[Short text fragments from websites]
━━━━━━━━━━━━━━━━━━━━━━━━━━━━━━

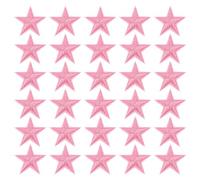 PATIKIL Termoadesive Toppe 33pz 5 Stella Cuci Toppe Ricamate Toppe Applique Abbellimenti per Abbigliamento Giacche Cappello Zaino Riparazioni Decorazioni Luce Rosa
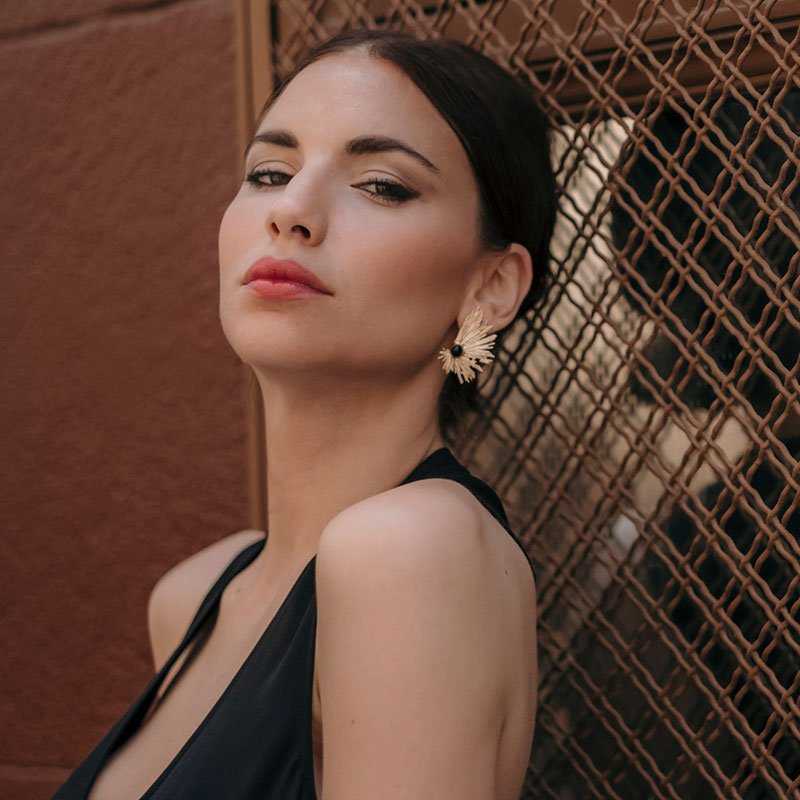 GRAN VÍA — Boucles d’oreilles noires
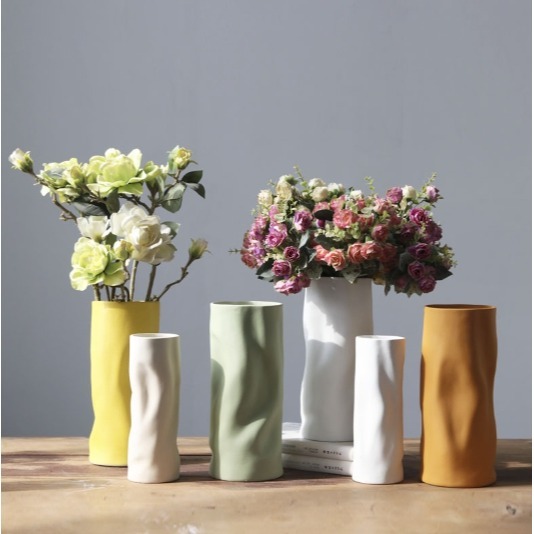 【巨路生活】Picasso陶瓷花瓶 莫蘭迪色家居擺件-細節圖7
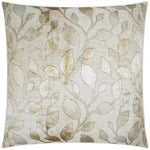 Zafra Glam Floral Gold Taupe Large Throw Pillow Insert - LOOMLAN - D.V. Kap - Throw Pillows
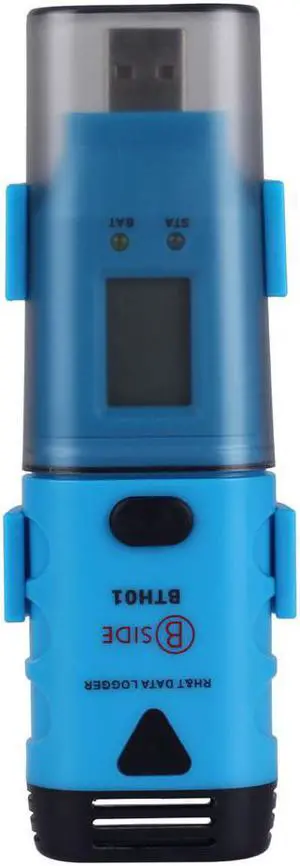 Bside BTH01 Portable Two Channel Temperature Humidity Dew Point Data Logger With LCD Display USB Interface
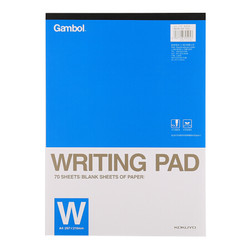 KOKUYO 国誉 WCN-A4-700 Gambol 草稿本 A4 70页+国誉速干中性笔1支 *8件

━━━━━━━━━━━━━━━━━━━━━━━━━━━━━━

→ How to complete this task
Output every record verbatim, skipping images.

→ Task output
 PATIKIL Termoadesive Toppe 33pz 5 Stella Cuci Toppe Ricamate Toppe Applique Abbellimenti per Abbigliamento Giacche Cappello Zaino Riparazioni Decorazioni Luce Rosa
 GRAN VÍA — Boucles d’oreilles noires
 【巨路生活】Picasso陶瓷花瓶 莫蘭迪色家居擺件-細節圖7
 Zafra Glam Floral Gold Taupe Large Throw Pillow Insert - LOOMLAN - D.V. Kap - Throw Pillows
 Bside BTH01 Portable Two Channel Temperature Humidity Dew Point Data Logger With LCD Display USB Interface
 KOKUYO 国誉 WCN-A4-700 Gambol 草稿本 A4 70页+国誉速干中性笔1支 *8件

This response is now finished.